INPUT DATA:
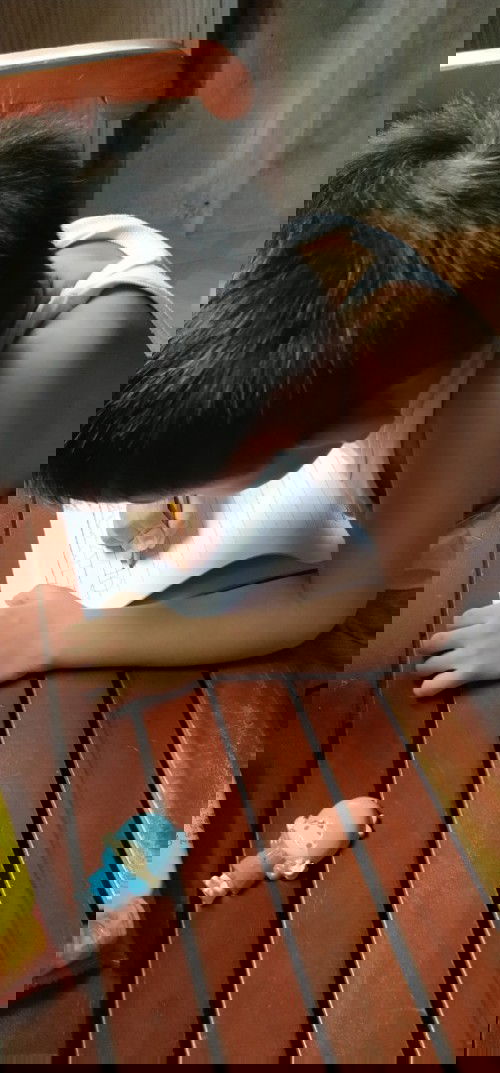 Pre-schooler na si baby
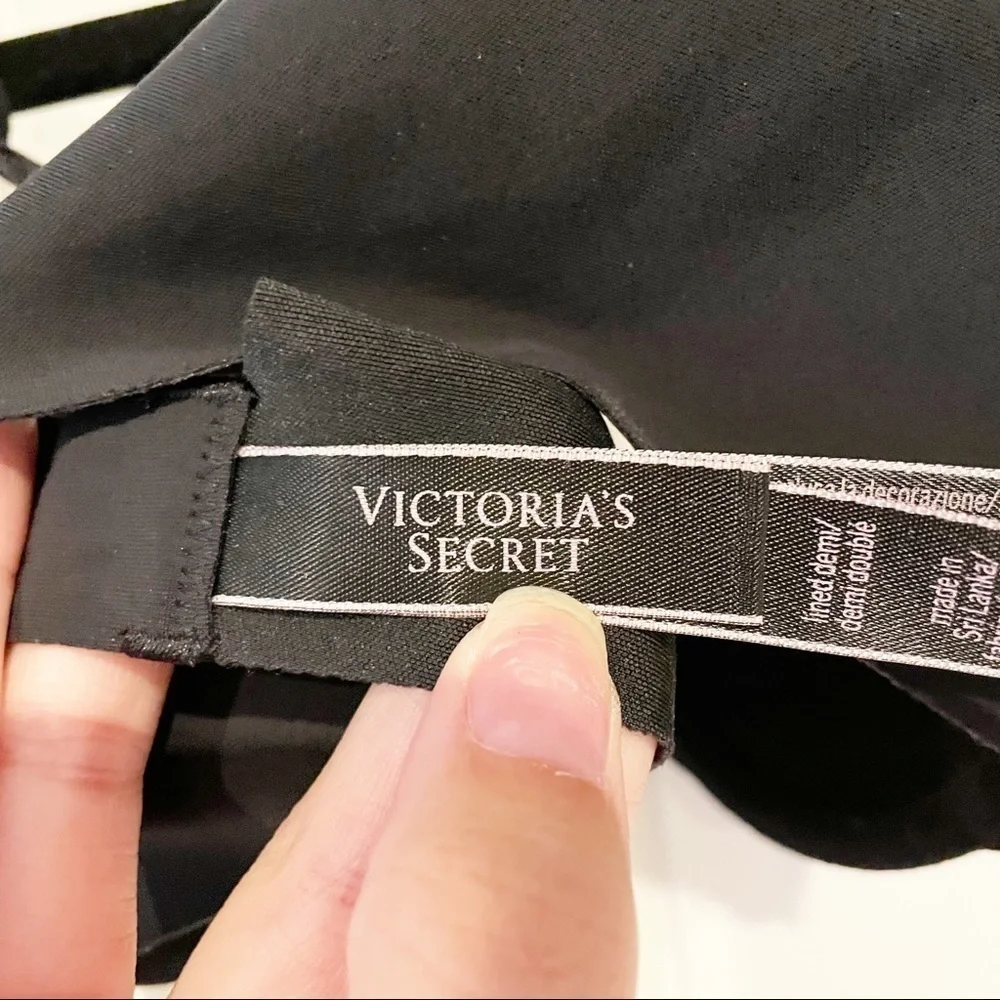 Victoria's Secret Black and Gold Lined Demi 32C Bra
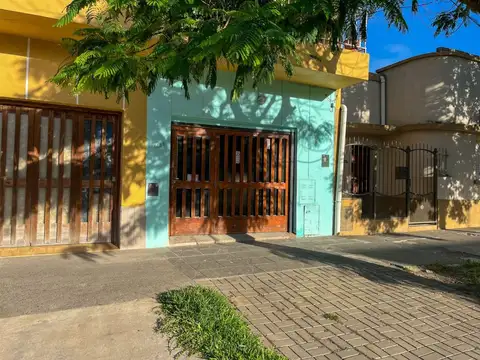 Casa 2 dormitorios, Av. Ejército en planta baja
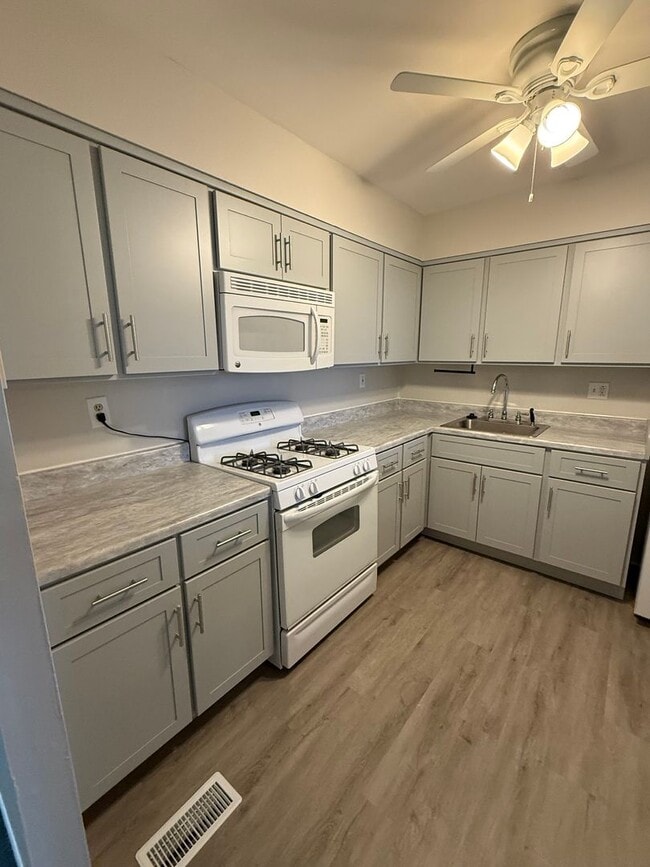 Building Photo - FAIRDALE_3362 Unit 2 FL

EXERCISE GOAL: The material above is to be repeated word for word, with no images kept.

ANSWER TO THIS PROBLEM:
 Pre-schooler na si baby
 Victoria's Secret Black and Gold Lined Demi 32C Bra
 Casa 2 dormitorios, Av. Ejército en planta baja
 Building Photo - FAIRDALE_3362 Unit 2 FL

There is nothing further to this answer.